Hansen: Well that seems to be the big question. Because it's not just…it's not just the like or the share but it's also you know the page view or the click through or any of these other metrics and so there's a real attempt to see, take these somewhat standard metrics and figure out, can you learn a little bit more, can you engineer the system so that you can see how far down people read, you know, do they go to the next…going to those pages and you think this in the access logs but like can you…how far down the page, how far are they reading, I am a member of a project at Cornell Tech which was looking at those kinds of statistics. So there's a kind of open research question about how best to characterize what engagement actually means and what you're getting from the statistics. And I think there's one of the things I'm hoping by injecting a little more questioning spirit into the statistical side of things in our journalists is to ask well you know our newsroom gives us these statistics. What else could we know? What else can we know about how we're interacting with our audience and I should say when I first started at the New York Times R&D Lab, there was a real resistance on the part of the newsroom to show any kind of usage statistics, to the reporters I think that they felt that it might lead to pandering or something like that. But Twitter and you know reporters becoming more sort of prominent in their own right it's impossible for them not to know that a particular story has hit. So I think, I mean, this is sort of dodging your question but I think,

Pennington: That’s okay, you can dodge it.

Hansen: I think there's real, a lot of work around what sort of meaningful statistics can be extracted and you know, what does that say about engagement. Now I will tell you that with Cascade we saw a lot of really interesting sort of communities that built up. So one of my collaborators Jeff who was responsible for the really beautiful graphics, I mean really beautiful.

Pennington: Yeah I know, those are amazing!

Hansen: Had noticed a network of rabbis that consistently share religion stories amongst themselves and so there are these interesting communities that build up, that I think become important as well and so it might not be just direct statistics like how long or was it like but can you think about the communities where things sort of work their way through and you know thinking about that is you know as a typical it can be difficult because it's you know lots of small scale things that accumulate the kind of sea of activity that you perceive but. Anyway the tool like cascade lets you drill down and sort of have those quiet moments and see those things and. I don't I'm not quite sure what that would amount to for a marketing person that's certainly not my side in the church and state divide I was always on the church side.

Pennington: Yeah.

Bailer: You know sort of a natural follow up to consider the social media whether or not something is the real post. I know some of the cool work that you speak about is the definition of bots and other you know artificial entities living in the social media space and maybe looking at kind of what likes are starting from, who's actually posting these kind of comments and these likes. So can you talk a little about the story in which you investigated this…you and your class investigated these artificial entities on social media?
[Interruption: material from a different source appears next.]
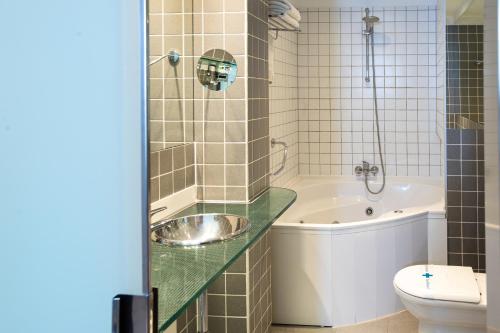 a bathroom with a tub and a sink and a toilet at Hotel Plaza in A Coruña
Campbell: And let's congratulate you too for your front page byline in the New York Times.

Hansen: That's A1 on a Sunday!

(Collective laughter)

Bailer: That’s hitting it out of the park!

Hansen: In fact there was a funny story about that because my collaborators who were so amazing at the time. They were a little bit dodgy about when it was coming out, it was coming out this weekend. The thing, you're online first and I was actually giving a talk at Cornell tech to a group of high school teachers and someone said are you same Mark Hansen that has this like thing on the Times?!

(Voices overlap)

Hansen: Sorry but I was like holy! And then you know I ran and got the Saturday paper and of course it wasn't there and then I went to the bodega Sunday and picked up from the stack and I sort of went through every single section and I didn't see it and I was like damn! And I throw it back in the pile, and it catches my eye in the corner and I go no! We are on the front!

(Collective laughter)

Bailer: How cool!

Campbell: That’s cool!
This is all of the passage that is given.